Esa comisión es crucial, porque será la encargada de resolver las diferencias entre lo aprobado en Cámara y lo aprobado en Senado. Sin ese paso, no hay ley. De ahí que resulte vital preguntarse: ¿qué camino elegirá el Presidente del Senado? ¿Buscará facilitar el trámite democrático que ha exigido el pueblo en las calles y las urnas, o intentará prolongar la confrontación para mantener contentos a los poderes que siempre se han beneficiado?
El presidente Gustavo Petro ha sido claro. La presión popular, canalizada a través del mecanismo de consulta popular, fue la verdadera espada de Damocles que obligó al Senado a moverse. Pero esa espada no ha sido guardada. Su decreto sigue vigente y goza de presunción de legalidad. Sólo será derogado si el Congreso cumple con el espíritu del mandato ciudadano y permite la conciliación. De lo contrario, el Gobierno está en todo su derecho y deber de mantenerla como herramienta legítima del pueblo para decidir su destino frente al derecho al trabajo digno.
En este contexto, resulta particularmente grave la actitud del Registrador nacional, quien, sin competencia legal alguna, se atrevió a deslegitimar el decreto presidencial. Esa intervención no sólo fue inoportuna, sino ilegal. Podría calificarse como un acto de sedición administrativa, porque ningún funcionario del Estado puede desacatar un decreto sin que haya un fallo judicial en firme que lo declare nulo. Lo que se evidenció fue un intento más por desestabilizar al Gobierno del Cambio y debilitar el ejercicio legítimo del poder democrático.
El fondo del asunto, más allá de la disputa técnica, es profundamente político y ético: ¿quién manda en Colombia? ¿El pueblo trabajador, mediante sus mecanismos constitucionales, o una casta política acostumbrada a manipular las leyes y los procedimientos para perpetuar sus privilegios?
A pesar de los avances, no podemos ignorar que la reforma laboral aprobada no es la que originalmente impulsó el Gobierno y los movimientos sociales. Muchas de las garantías para los trabajadores y trabajadoras fueron negociadas o eliminadas en el camino, especialmente en Cámara de Representantes. Por eso, la conciliación es también una oportunidad para recuperar lo perdido, para que la dignidad laboral no quede a medio camino.
En este punto, el presidente Petro ha insistido en que no retrocederá en su compromiso con el pueblo trabajador, tanto el formal como el informal. La apuesta del Gobierno es clara: construir un sistema laboral más justo, equitativo y que formalice a millones de personas excluidas del sistema de seguridad social, como ya lo propone también la reforma pensional.

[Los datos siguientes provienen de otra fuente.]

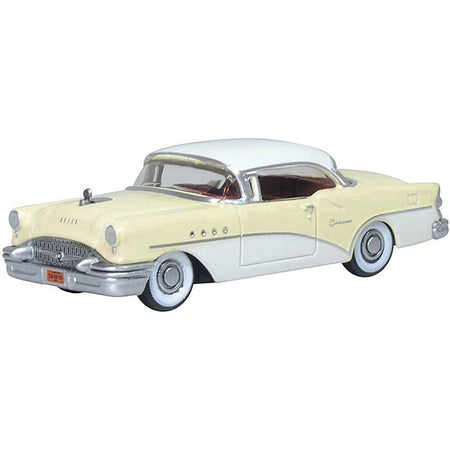 1955 Buick Century Condor Yellow and Dover White with Red Interior 1/87 (HO) Scale Diecast Model Car by Oxford Diecast-Oxford Diecast-ModelCars.com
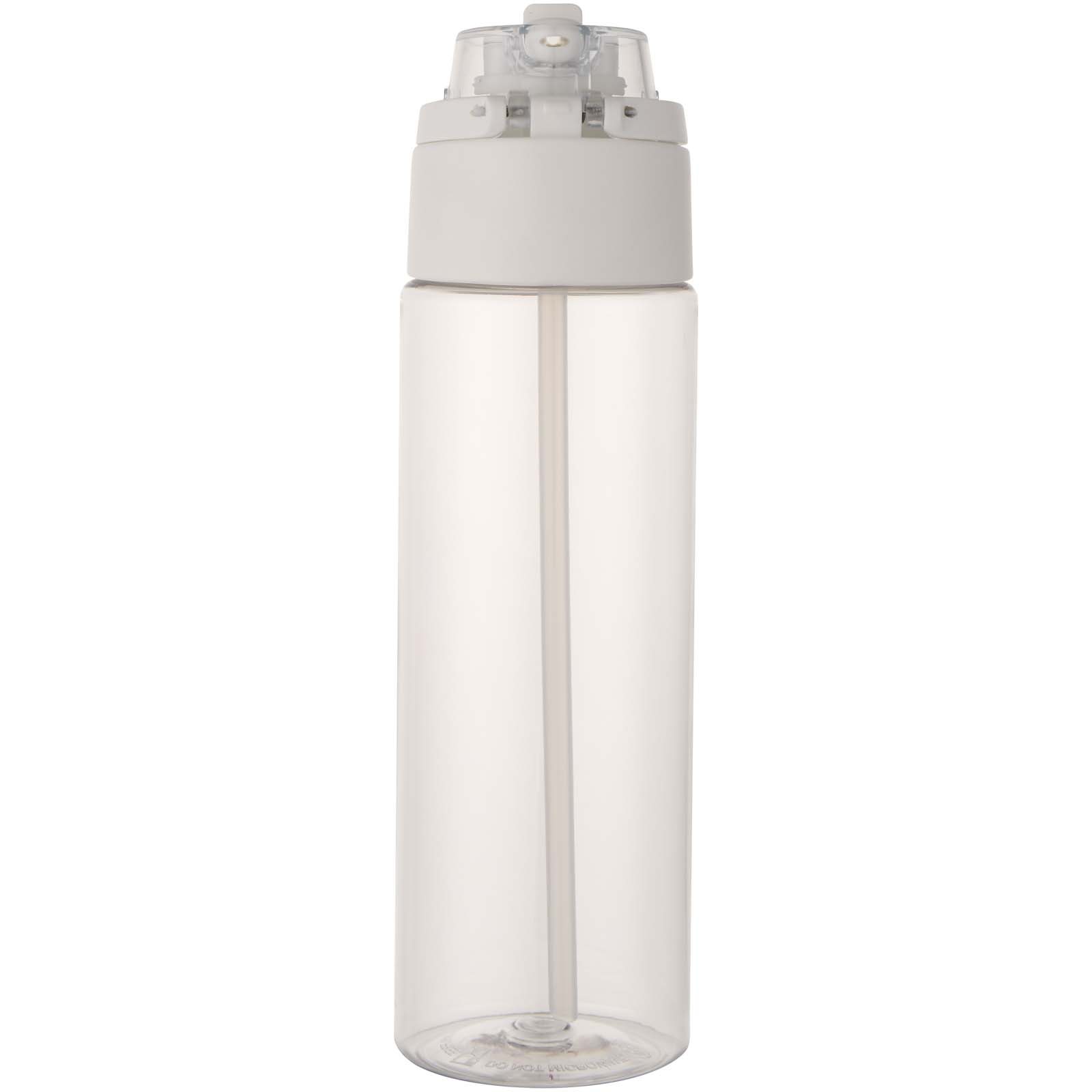 Theron 700 ml RCS Trinkflasche aus recyceltem Kunststoff mit Multifunktionsdeckel und Klappstrohhalm transparent klar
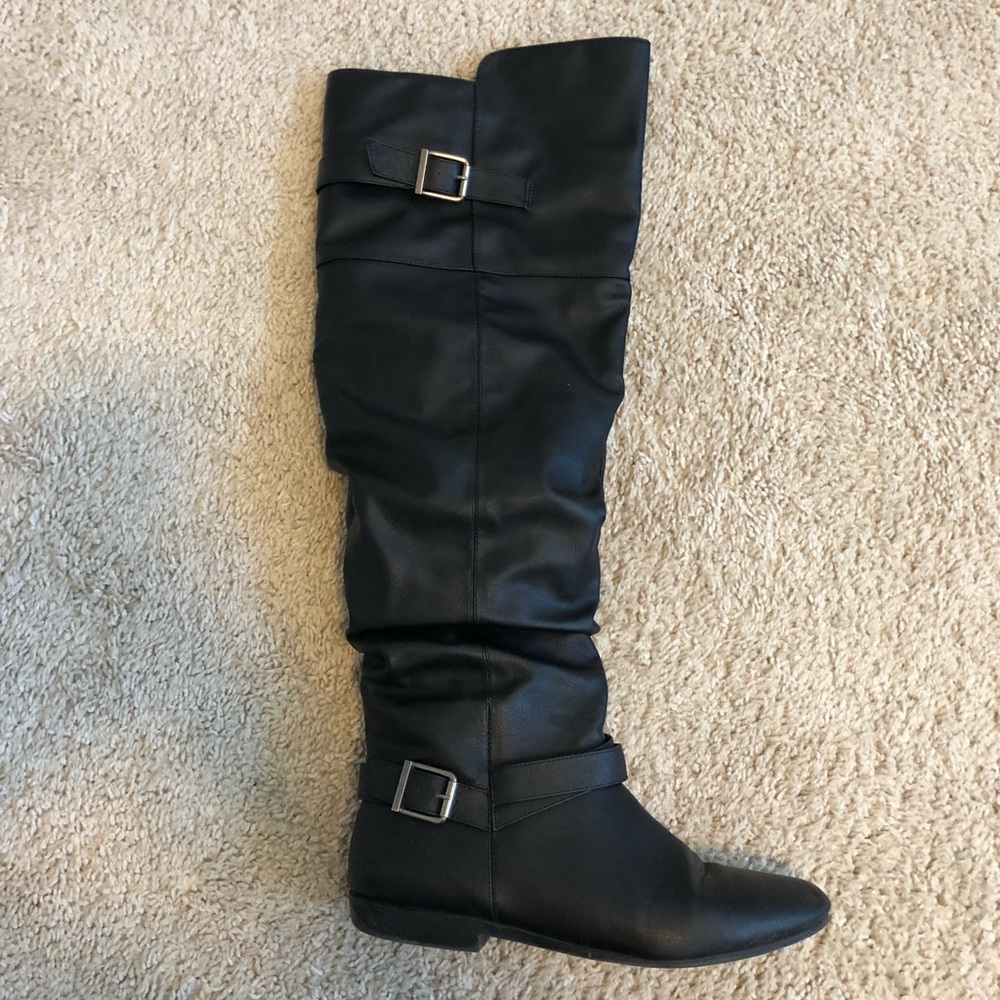 Black over the knee flat boots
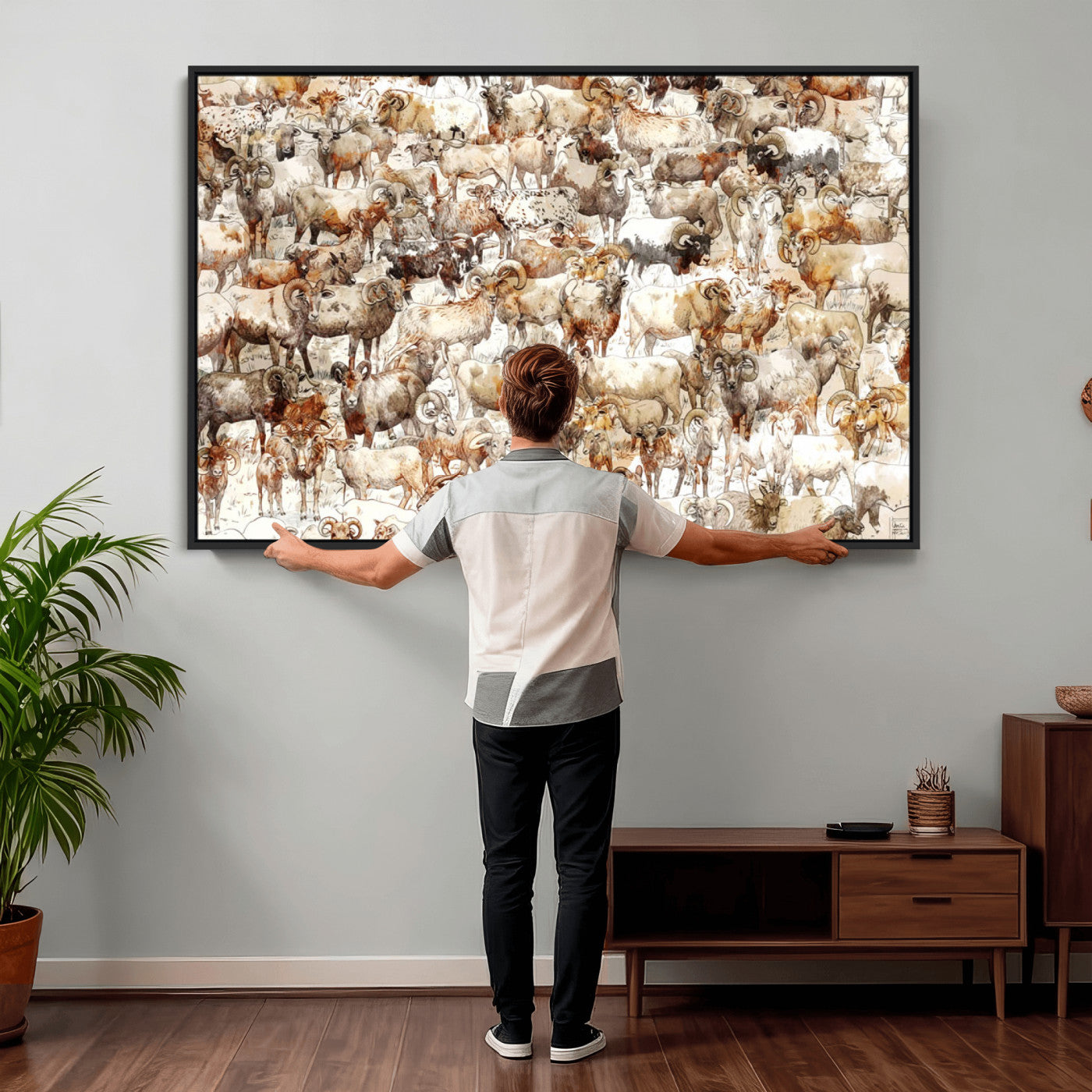 95103864-MGV-CV-36X24 - Farmhouse Animals Wall Art Canvas Print - Abstract Farm Animal Drawing Mid-Century Wall Art for Cabin Decor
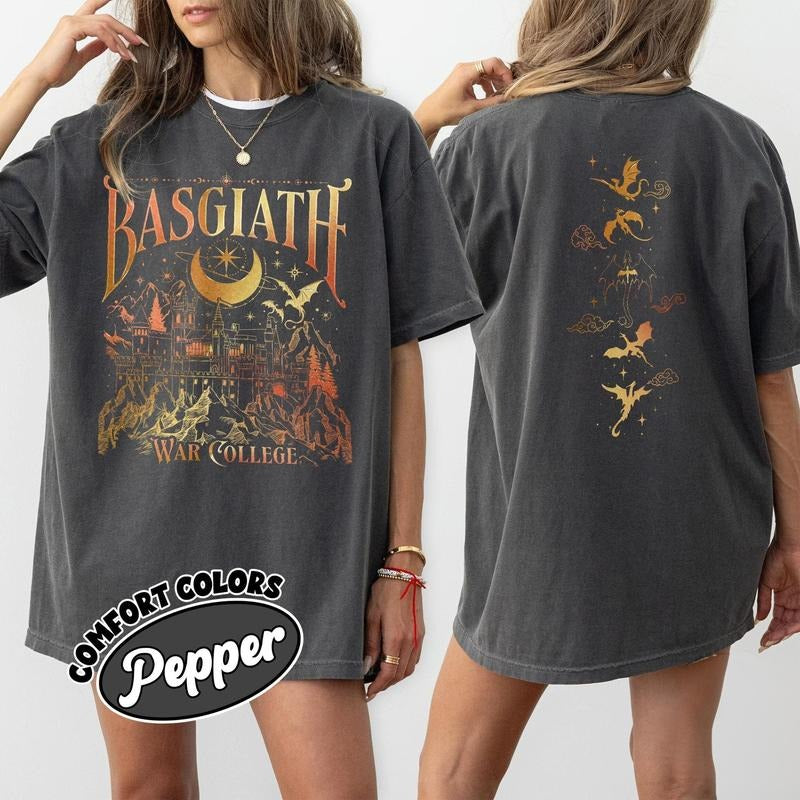 Basgiath War College 2 Sided Shirt, Vintage Dragon Rider TShirt,  Fourth Wing Riders Quadrant, Trendy Book Merch, Bookish Gifts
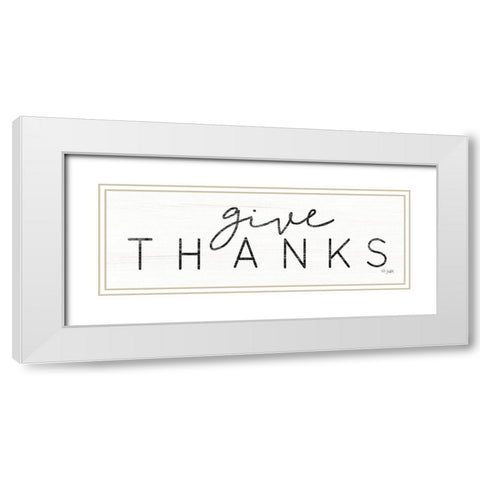 Give Thanks White Modern Wood Framed Art Print with Double Matting by Jaxn Blvd.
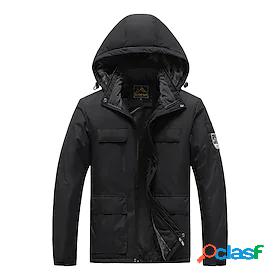 Mens Outdoor Jacket Pocket Regular Coat Dark Grey Black Blue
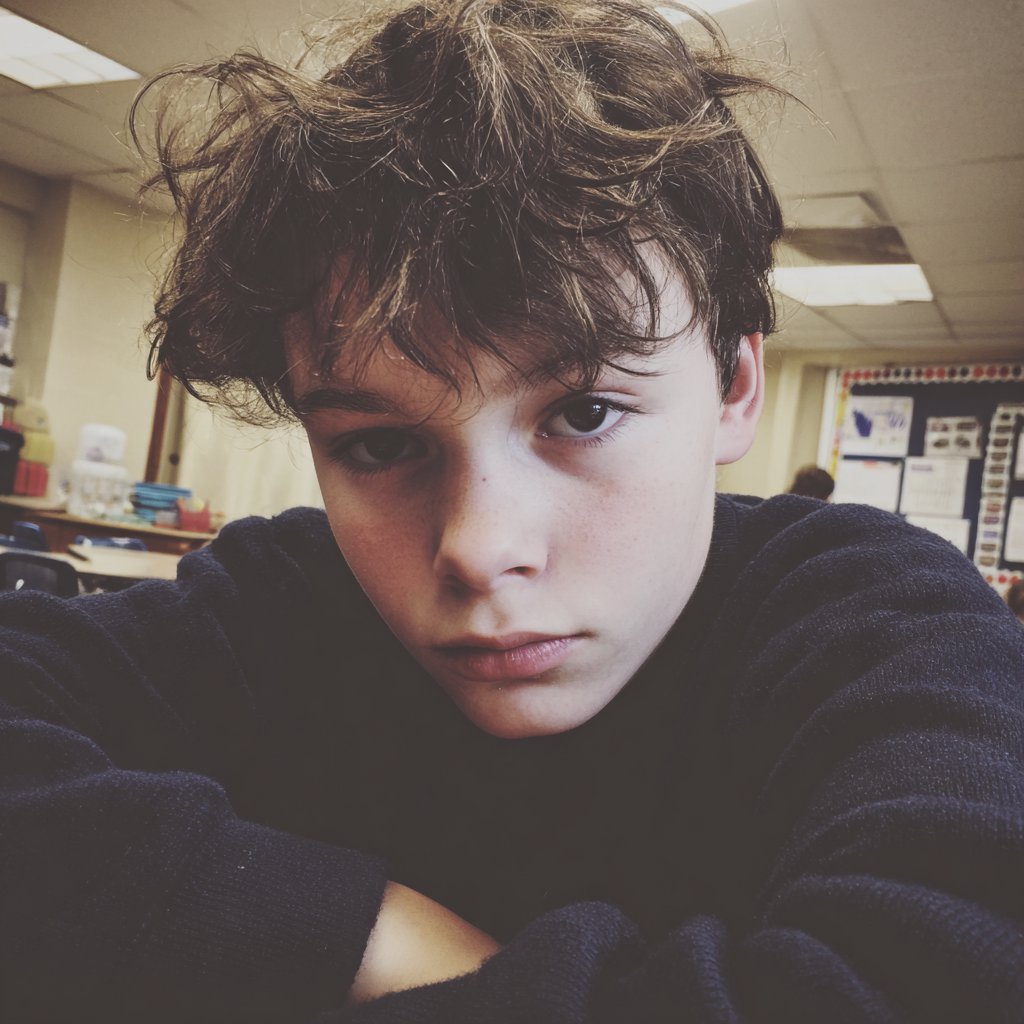 A boy sitting in a classroom | Source: Midjourney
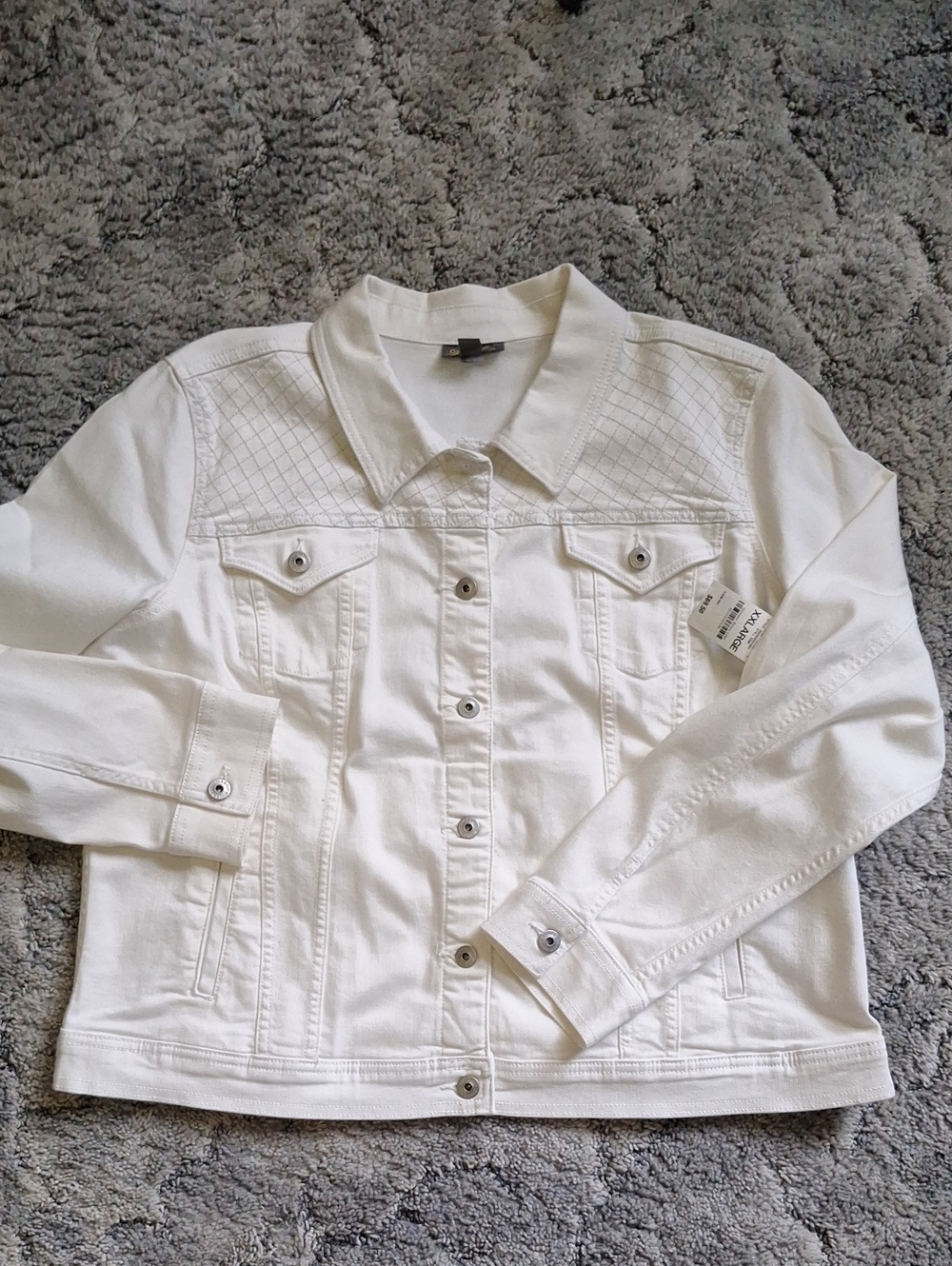 Style&Co. White Embroidered Denim Jacket NWT Womens Size XXL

Estamos, entonces, en un momento histórico. La aprobación en el Senado no es el final de la batalla, sino apenas una estación más en un largo camino. La verdadera victoria llegará cuando la ley entre en vigencia sin mutilaciones, cuando los funcionarios respeten los decretos y cuando la ciudadanía siga vigilante y movilizada.
El Congreso aún tiene la palabra. Pero también la tiene el pueblo. Porque, como bien lo ha demostrado esta experiencia, sólo con presión social se destraban las estructuras del poder que por décadas han bloqueado el progreso. No hay victoria sin vigilancia. No hay reforma sin movilización. No hay democracia real sin pueblo organizado.